S’agissant des frais d’études supplémentaires :
111. Après avoir indiqué successivement dans leur réclamation préalable puis dans leur requête introductive d’instance que la somme de 115 900 euros dont elles sollicitent l’indemnisation correspond aux études supplémentaires réalisées en application de l’OS n° 191 puis des OS n° 203, 204 et 210, les sociétés requérantes ont précisé, dans leurs dernières écritures, que cette somme se rapporte en réalité à la rémunération des études complémentaires effectuées en application des seuls OS n° 203 et 204. Toutefois, en dépit de la contestation de la région sur ce point et alors que le collège d’experts a relevé qu’aucun élément ne permettait de justifier de la réalité des prestations en litige, les sociétés GTOI, VCT et SBTPC SOGEA Réunion, en se bornant à renvoyer à leur courrier du 4 novembre 2020 auquel n’était joint aucune pièce justificative relative aux études d’exécution réalisées en application des deux ordres de service dont il s’agit, ne sauraient être regardées comme démontrant le caractère certain du préjudice dont elles demandent réparation. Par suite, la demande présentée à ce titre ne peut qu’être rejetée.
S’agissant des travaux prescrits par les OS nos 203 et 204 :
112. D’une part, il résulte de l’instruction que la charge des travaux de démontage de la voie de service de la digue D4 prescrits par l’OS n° 203 a, conformément au contenu des annexes 5 et 3.1 du protocole d’accord de septembre 2020, finalement incombé aux sociétés requérantes au titre de la poursuite de l’exécution du marché MT5.2. Dans ces conditions, les intéressées, qui n’établissent ni même n’allèguent ne pas avoir perçu la moindre rémunération à ce titre, ne sauraient en demander l’indemnisation, à hauteur de 13 315,34 euros, dans le cadre de la présente instance.
113. D’autre part, il résulte de l’instruction que les travaux de fourniture et de mise en œuvre de blocs cubiques béton nécessaires au lestage du plot du mur chasse-mer demandés par l’OS n° 204 ont fait par la suite l’objet d’un prix unitaire nouveau notifié le 20 novembre 2020 par l’OS n° 217. S’il résulte des pièces versées aux débats que les membres du groupement ont, par courrier du 4 décembre 2020, émis des réserves à cet ordre de service, elles n’ont apporté aucun élément technique démontrant que le prix unitaire de ces travaux aurait, de manière injustifiée, été fixé par le maître d’œuvre à la somme de 2 282 euros hors taxes. Elles ne sont, par suite, pas fondées à demander le versement d’une somme de 326 712 euros à ce titre.

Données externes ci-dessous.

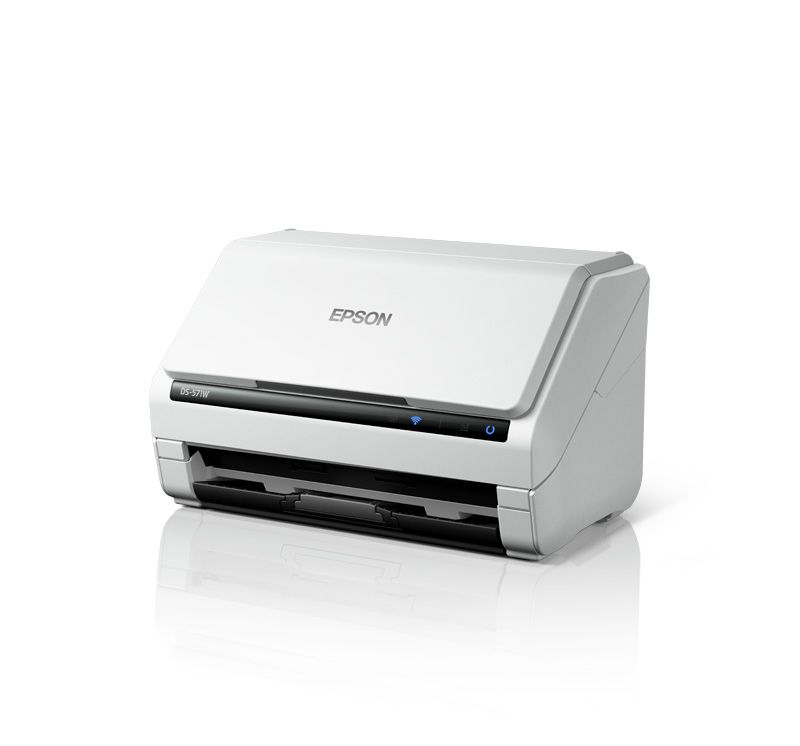 【新品/在庫あり】EPSON DS-571W A4シートフィードスキャナー 35枚/分、Wi-Fiモデル エプソン 31,164円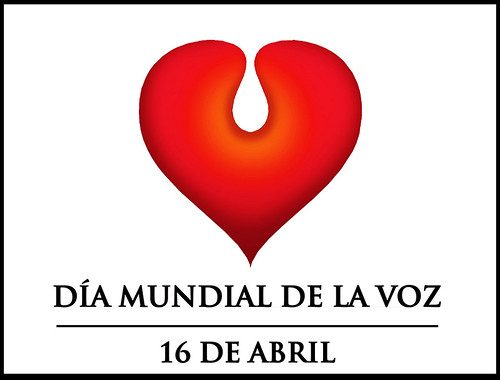 Día Mundial de la voz by Aceros Murillo
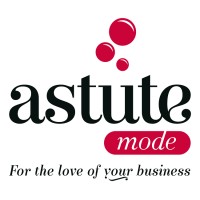 Astute Mode logo, Astute Mode contact details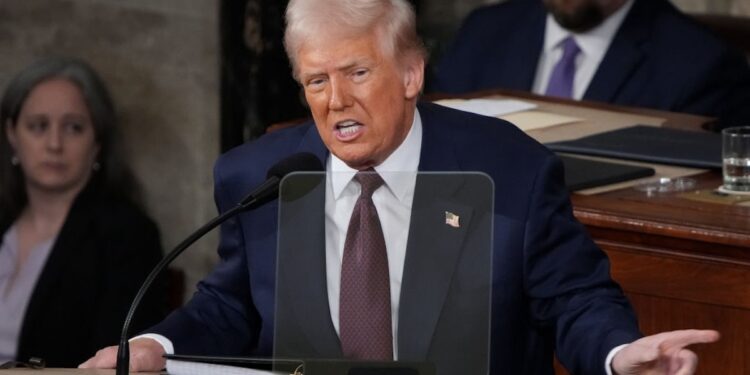 How A Texas Bill Could Stifle Trump’s Push For American AI Dominance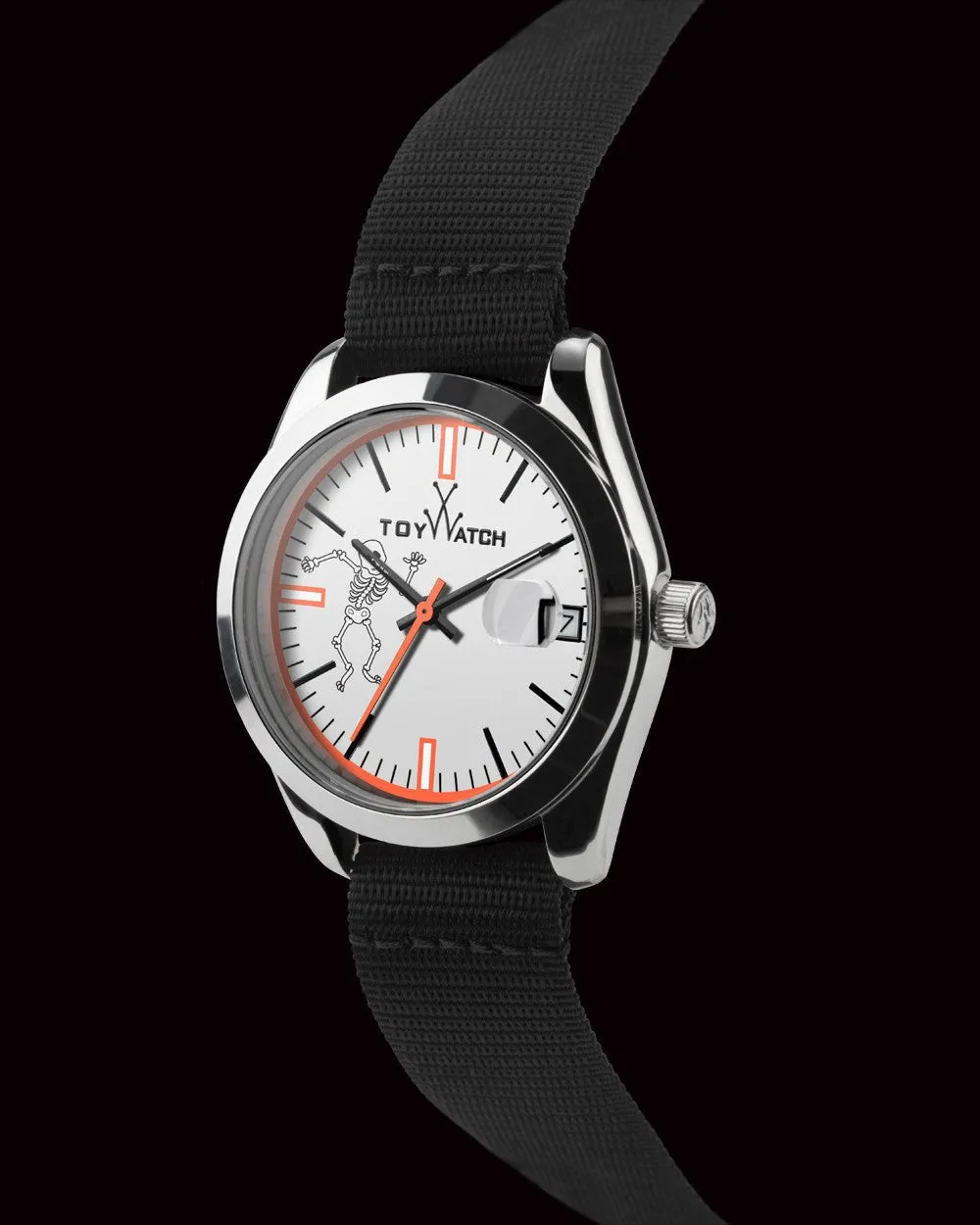 TOYPULP WHITE DIAL - GREY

S’agissant de l’indemnisation du bouleversement des conditions et des délais d’exécution :
114. Après avoir invoqué dans leur requête introductive d’instance, d’une part, les carences et hésitations du maître d’ouvrage dans la définition des ouvrages à réaliser aux extrémités des digues D3 et D4 et, d’autre part, des fautes de la région dans la direction et de contrôle du chantier pour n’avoir pris aucune décision ou initiative pour s’assurer que le maître d’œuvre prenne les mesures nécessaires, pour remédier aux incidences induites par l’absence de réalisation en continuité des marchés MT5.1 et MT5.2, les sociétés requérantes, pour demander la condamnation de la région à leur verser la somme de 6 022 256,52 euros hors taxes, soutiennent dans le dernier état de leurs écritures que " c’est le coût de [la remobilisation de ses équipes] en application des OS n° 191, 203, 204 et 210 qu’il convient d’indemniser au titre de la DRC n° 24 ". Il ne résulte toutefois pas de l’instruction que ce chef de préjudice, qu’au demeurant les intéressées présentaient initialement, aussi bien dans leur courrier du 4 novembre 2020 que dans leur demande de rémunération complémentaire du 30 novembre suivant, comme la nécessaire plus-value du prix du marché destinée à compenser la perte de productivité et de rentabilité liée à la réalisation des digues supérieures en décalage des autres travaux, présenterait un lien de causalité avec la prétendue faute de la région dans son pouvoir de direction et de contrôle du chantier que les requérantes semblent tirer de la notification tardive de ces ordres de service. Il ne résulte d’aucune pièce versée aux débats que la décision du groupement de démobiliser ses équipes aurait été justifiée par l’absence de définition des extrémités des parties supérieures des digues D3 et D4. Il résulte en réalité de l’instruction que cette démobilisation est intervenue, dans le courant de l’année 2019, à une date à laquelle la continuité des travaux entre les marchés MT5.1 et MT5.2 – sur laquelle le groupement avait, alors même qu’elle ne présentait aucun caractère contractuel, établi son planning de travaux – est apparue impossible après la résiliation du marché MT5.2, intervenue le 27 septembre 2019. Dans ces conditions, alors que la perte de rentabilité et de productivité a, s’agissant de la digue D4, été rémunérée en application du protocole d’accord du 20 septembre 2020 à hauteur de 2 909 969 euros, les conclusions indemnitaires présentées par les sociétés requérantes à ce titre ne peuvent qu’être rejetées.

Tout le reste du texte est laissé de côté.